After locating the line with "Зеркало STAGE 60" in the entries below, output it and each following line up to and including the line with "Peinture Murs Boiseries", exactly and without pictures.

Data in this exercise.
----------------
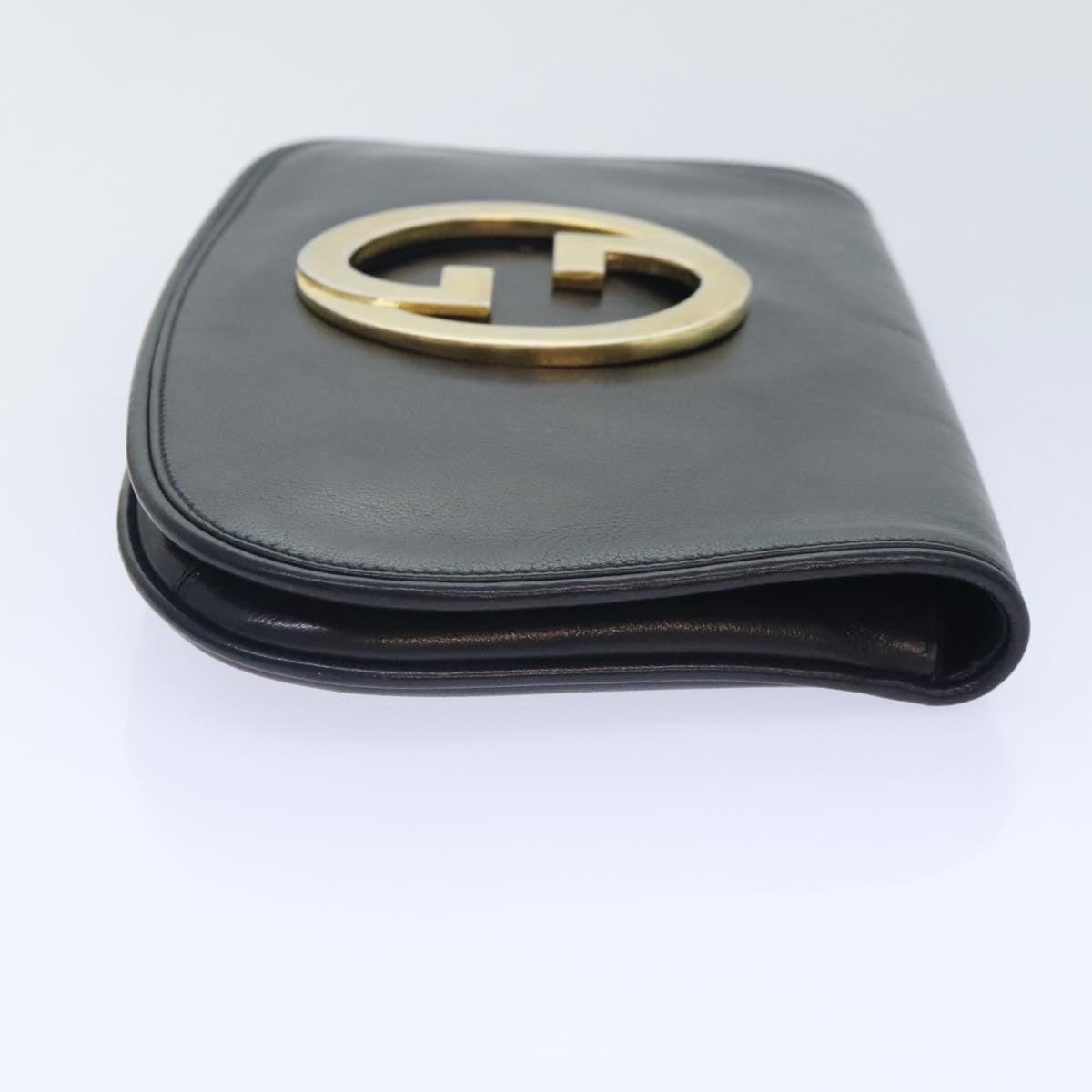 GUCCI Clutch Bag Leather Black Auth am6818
----------------
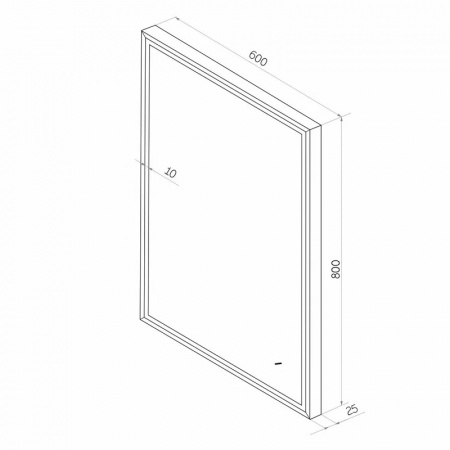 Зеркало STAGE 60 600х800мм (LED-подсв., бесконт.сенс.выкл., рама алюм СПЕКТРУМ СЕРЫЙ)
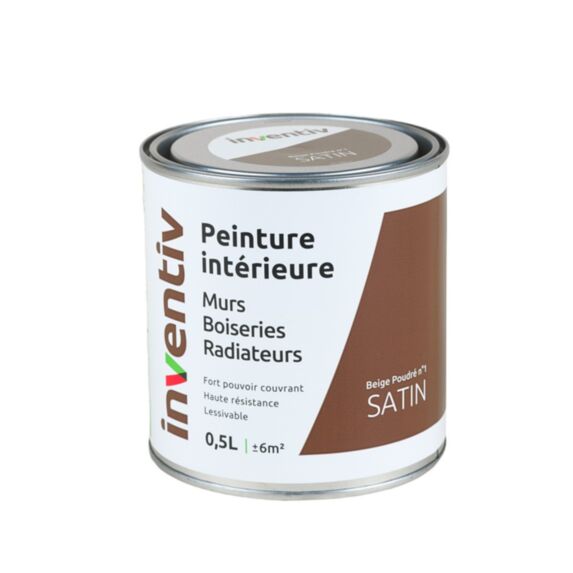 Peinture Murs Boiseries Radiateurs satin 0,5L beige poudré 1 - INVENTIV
----------------
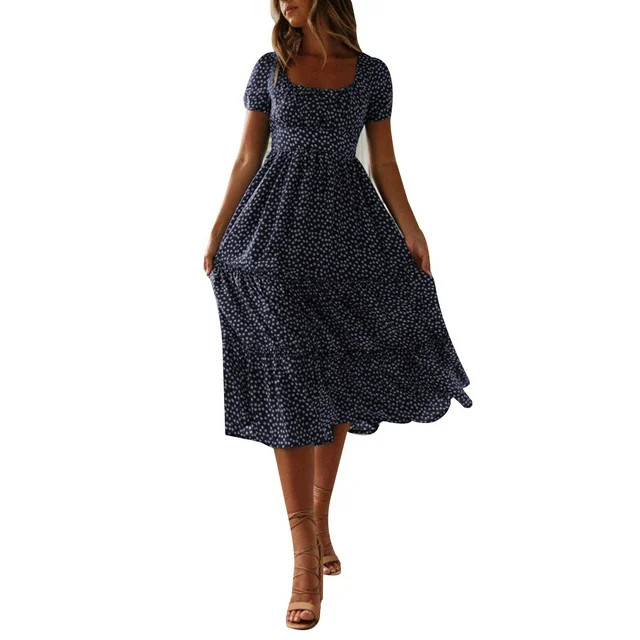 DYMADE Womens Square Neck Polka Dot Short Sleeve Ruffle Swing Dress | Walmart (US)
----------------
Solution for this exercise.
 Зеркало STAGE 60 600х800мм (LED-подсв., бесконт.сенс.выкл., рама алюм СПЕКТРУМ СЕРЫЙ)
 Peinture Murs Boiseries Radiateurs satin 0,5L beige poudré 1 - INVENTIV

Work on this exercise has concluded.